Ordinal Logistic
🎯 Purpose
This QuickRef covers ordinal logistic regression — a model used when the target variable is ordered but not continuous. Commonly used in rating scales, satisfaction levels, or risk categories.
📦 1. When to Use¶
| Condition | Use Ordinal Logistic? |
|---|---|
| Target has ≥3 ordered categories | ✅ Yes |
| Values have clear ranking (e.g. low < med < high) | ✅ Yes |
| Target is unordered | ❌ Use multinomial logistic |
| Continuous regression needed | ❌ Use linear model |
🧮 2. Model Logic (Proportional Odds)¶
The model assumes a single set of coefficients across multiple threshold logits:
$$ \log \left( \frac{P(Y \leq j)}{P(Y > j)} \right) = \theta_j - X \cdot \beta $$
θ_j= intercept (cutoff) for category jβ= shared coefficient vector
⚙️ 3. Fitting the Model¶
# Python (mord package)
from mord import LogisticIT
model = LogisticIT().fit(X, y)
# R (MASS package)
polr(y ~ x1 + x2, data = df, method = "logistic")

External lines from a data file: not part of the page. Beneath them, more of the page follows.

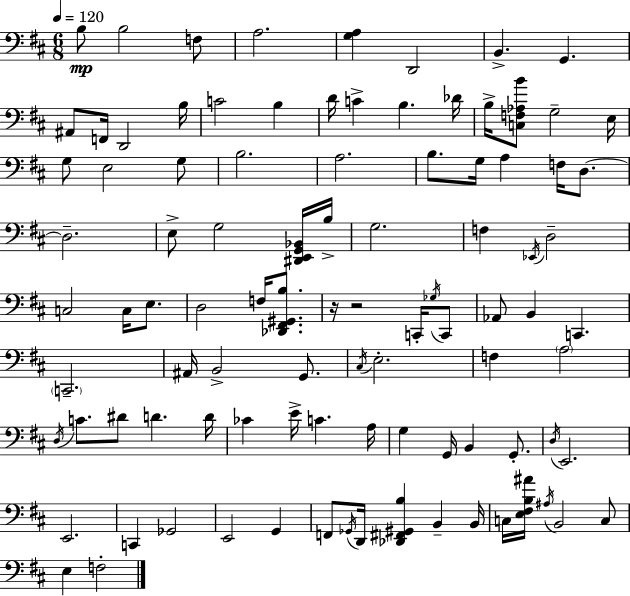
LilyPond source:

{
  \clef bass
  \numericTimeSignature
  \time 6/8
  \key d \major
  \tempo 4 = 120
  b8\mp b2 f8 | a2. | <g a>4 d,2 | b,4.-> g,4. | \break ais,8 f,16 d,2 b16 | c'2 b4 | d'16 c'4-> b4. des'16 | b16-> <c f aes b'>8 g2-- e16 | \break g8 e2 g8 | b2. | a2. | b8. g16 a4 f16 d8.~~ | \break d2.-- | e8-> g2 <dis, e, g, bes,>16 b16-> | g2. | f4 \acciaccatura { ees,16 } d2-- | \break c2 c16 e8. | d2 f16 <des, fis, gis, b>8. | r16 r2 c,16-. \acciaccatura { ges16 } | c,8 aes,8 b,4 c,4. | \break \parenthesize c,2.-- | ais,16 b,2-> g,8. | \acciaccatura { cis16 } e2.-. | f4 \parenthesize a2 | \break \acciaccatura { d16 } c'8. dis'8 d'4. | d'16 ces'4 e'16-> c'4. | a16 g4 g,16 b,4 | g,8.-. \acciaccatura { d16 } e,2. | \break e,2. | c,4 ges,2 | e,2 | g,4 f,8 \acciaccatura { ges,16 } d,16 <des, fis, gis, b>4 | \break b,4-- b,16 c16 <e fis b ais'>16 \acciaccatura { ais16 } b,2 | c8 e4 f2-. | \bar "|."
}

✔️ Encode target labels as ordered integers (0, 1, 2, ...)
📊 4. Output Interpretation¶
| Output | Meaning |
|---|---|
| Coef (β) | Effect on odds of being in higher category |
| Intercepts (θ_j) | Logit cutoffs between class levels |
exp(coef) |
Proportional odds ratio per feature |
✔️ “A 1-unit increase in X increases odds of being in a higher category by OR.”
🧪 5. Assumptions¶
| Assumption | Notes |
|---|---|
| Proportional Odds | Effect of X is consistent across class splits |
| Linearity in logit | X must relate linearly to cumulative logit |
📉 If violated: Consider adjacent-category models or partial proportional odds models
✅ Modeling Checklist¶
- [ ] Target verified as ordered (e.g. ordinal categories or numeric codes)
- [ ] Model fit with ordinal-compatible library (mord, polr, etc.)
- [ ] Intercepts and β interpreted with respect to category ordering
- [ ] Proportional odds assumption considered or tested
💡 Tip¶
“Ordinal logistic doesn’t ask which class — it asks how far up the scale you’re likely to go.”